__TASK BRIEF__
Go through the data and copy every line exactly, but not the images.

__DATA SECTION__
###

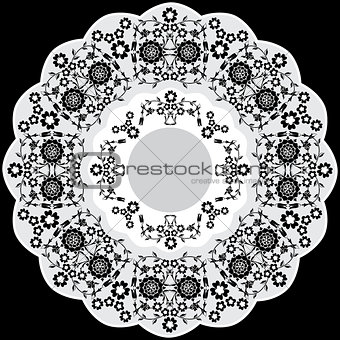 black and white ottoman serial patterns twenty-seven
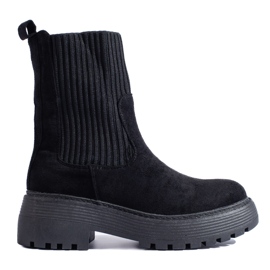 Arbeiterinnen mit flexiblem Obermaterial Shelovet schwarz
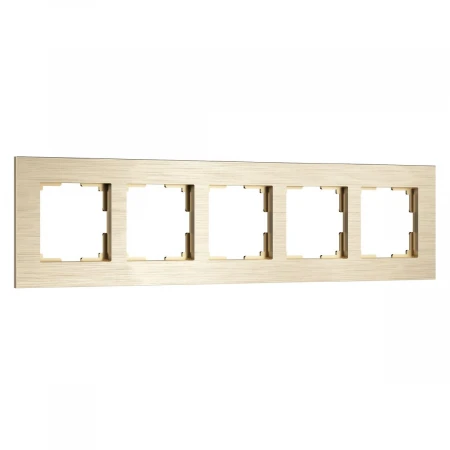 Рамка Werkel AluMax на 5 постов шампань W0053511 4690389214363 Рамка Werkel AluMax на 5 постов шампань W0053511 4690389214363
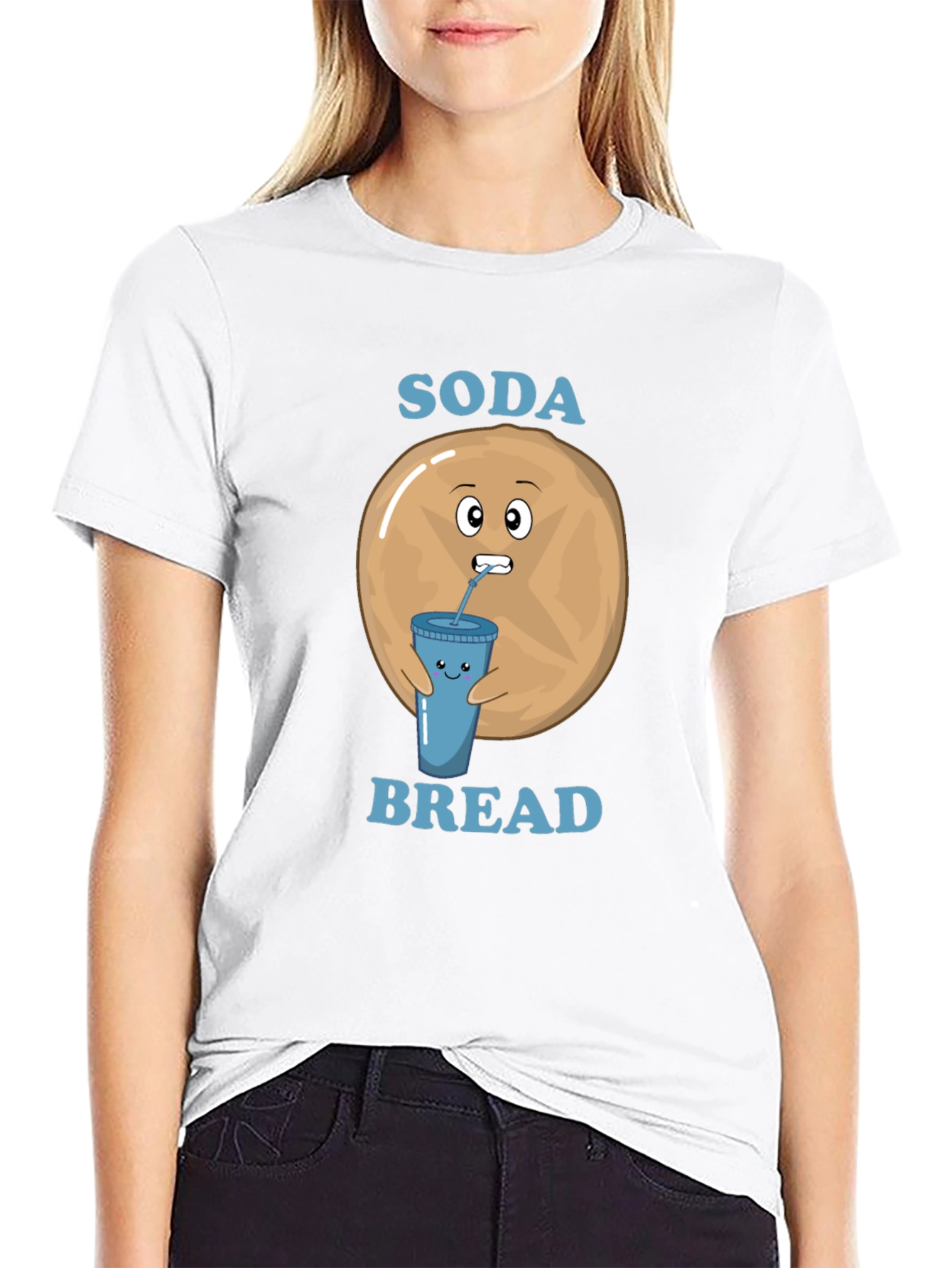 Soda Bread Funny Graphic T-Shirt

###

__RESPONSE__
 black and white ottoman serial patterns twenty-seven
 Arbeiterinnen mit flexiblem Obermaterial Shelovet schwarz
 Рамка Werkel AluMax на 5 постов шампань W0053511 4690389214363 Рамка Werkel AluMax на 5 постов шампань W0053511 4690389214363
 Soda Bread Funny Graphic T-Shirt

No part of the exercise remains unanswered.